AIM OF THE EXERCISE: Which lines of the entries below run from the one holding "Can Underarms Whitening" to the one holding "i3-1315U/8Gb/SSD512Gb/Cam/KBD/WiFi/DOS/Jet Black (A45E1EA)", inclusive? Set down exactly those lines and no others.

MATERIAL PROVIDED:
* * * * * * *

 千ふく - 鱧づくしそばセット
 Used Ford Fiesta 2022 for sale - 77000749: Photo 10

* * * * * * *

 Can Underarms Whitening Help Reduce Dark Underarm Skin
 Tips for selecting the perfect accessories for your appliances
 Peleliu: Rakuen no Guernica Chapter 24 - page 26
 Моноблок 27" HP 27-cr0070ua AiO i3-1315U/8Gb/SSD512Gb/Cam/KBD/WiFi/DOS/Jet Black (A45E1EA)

* * * * * * *

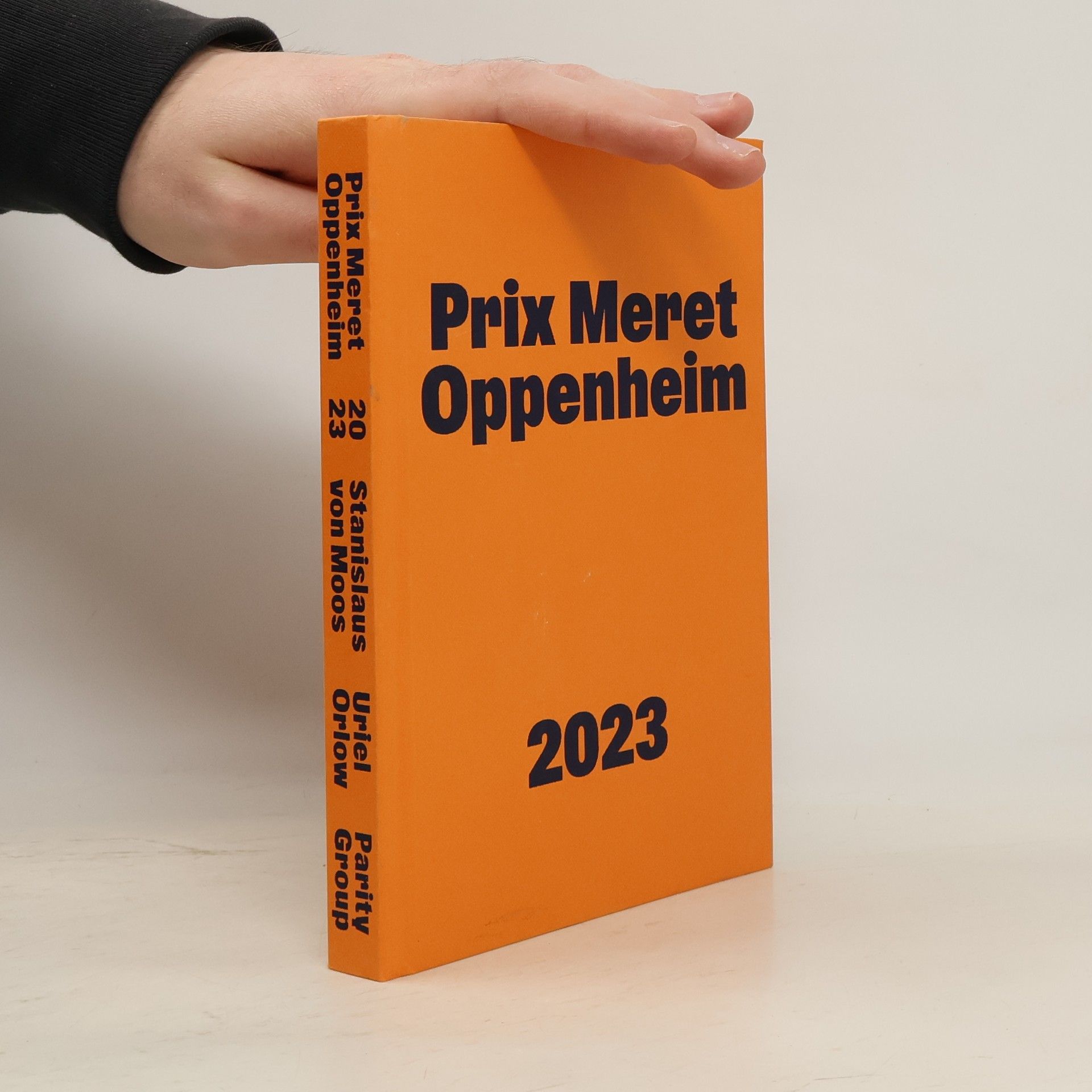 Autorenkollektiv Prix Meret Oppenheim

* * * * * * *

ANSWER AREA:
 Can Underarms Whitening Help Reduce Dark Underarm Skin
 Tips for selecting the perfect accessories for your appliances
 Peleliu: Rakuen no Guernica Chapter 24 - page 26
 Моноблок 27" HP 27-cr0070ua AiO i3-1315U/8Gb/SSD512Gb/Cam/KBD/WiFi/DOS/Jet Black (A45E1EA)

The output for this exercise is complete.